▶ EXERCISE PROMPT
Everything below from the line with "Nissan Altima 2020 2 Nissan Altima 2020 2" through the line with "Womanizer OG - vibratore" must be retyped exactly, except the pictures.

▶ DATASET ENTRIES
******

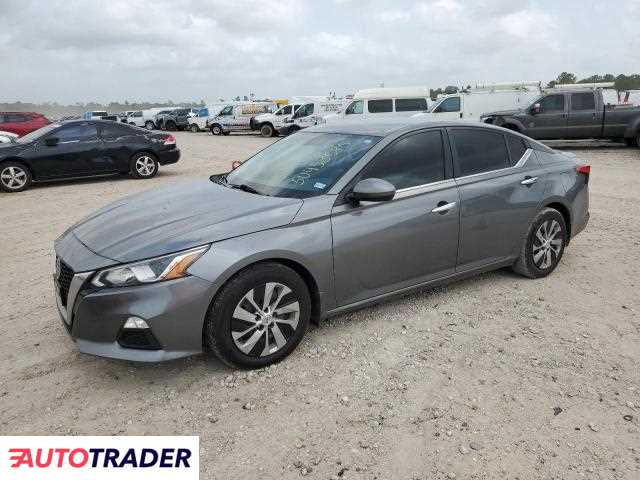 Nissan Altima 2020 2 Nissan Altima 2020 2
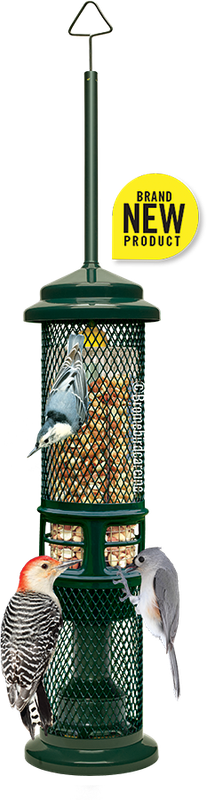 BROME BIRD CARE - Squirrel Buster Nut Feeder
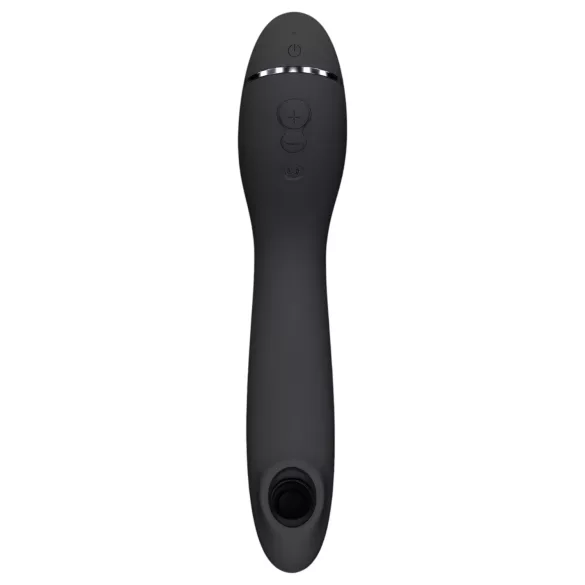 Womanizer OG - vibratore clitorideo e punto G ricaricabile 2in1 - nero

******

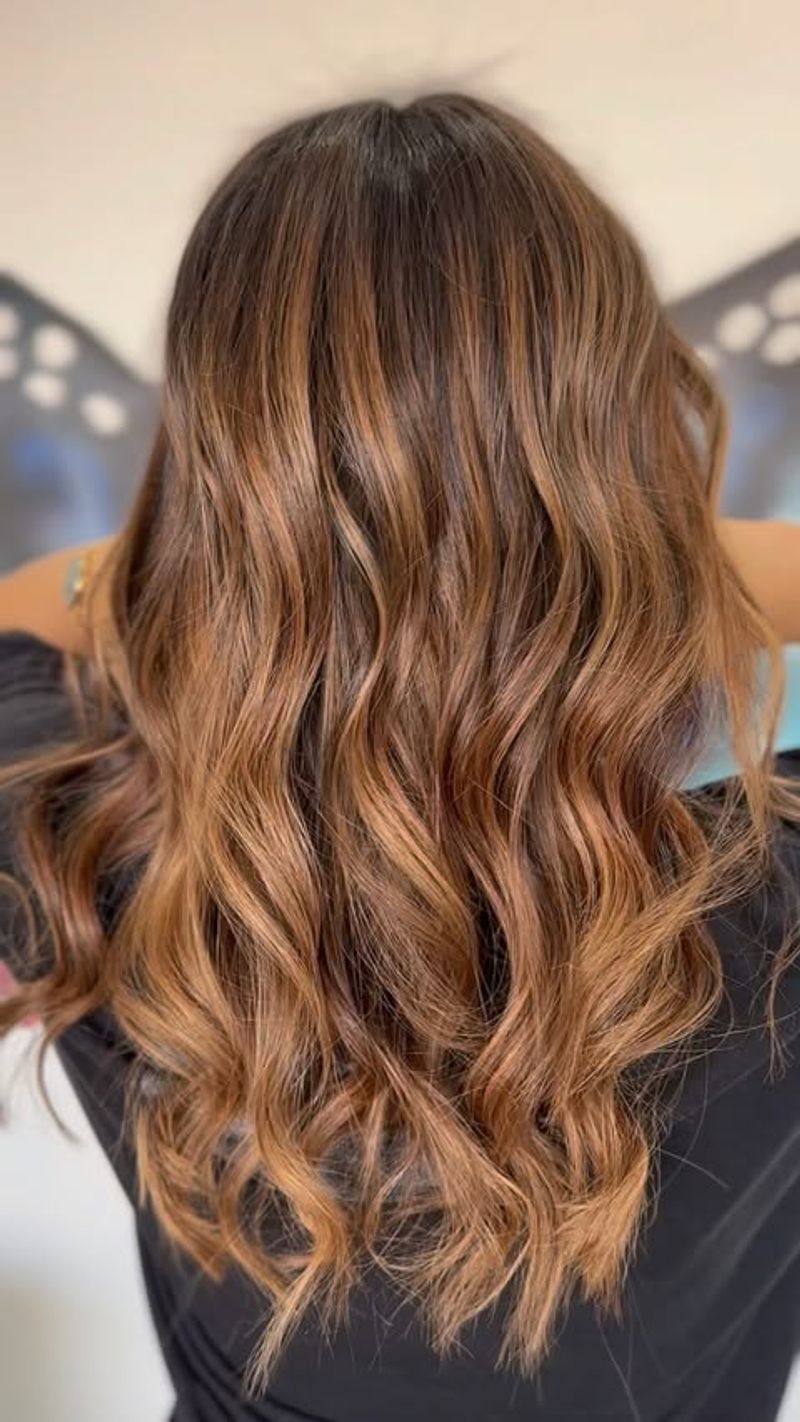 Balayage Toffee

******

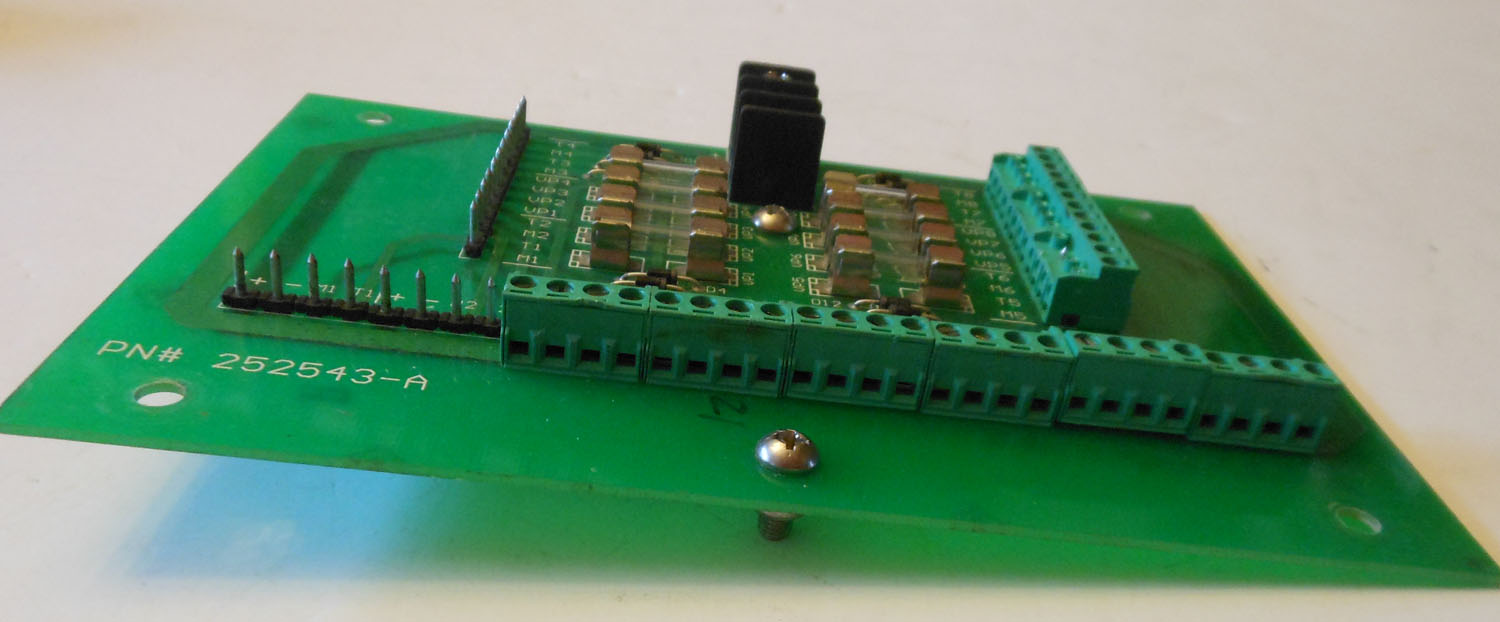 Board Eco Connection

******

▶ EXERCISE ANSWER
 Nissan Altima 2020 2 Nissan Altima 2020 2
 BROME BIRD CARE - Squirrel Buster Nut Feeder
 Womanizer OG - vibratore clitorideo e punto G ricaricabile 2in1 - nero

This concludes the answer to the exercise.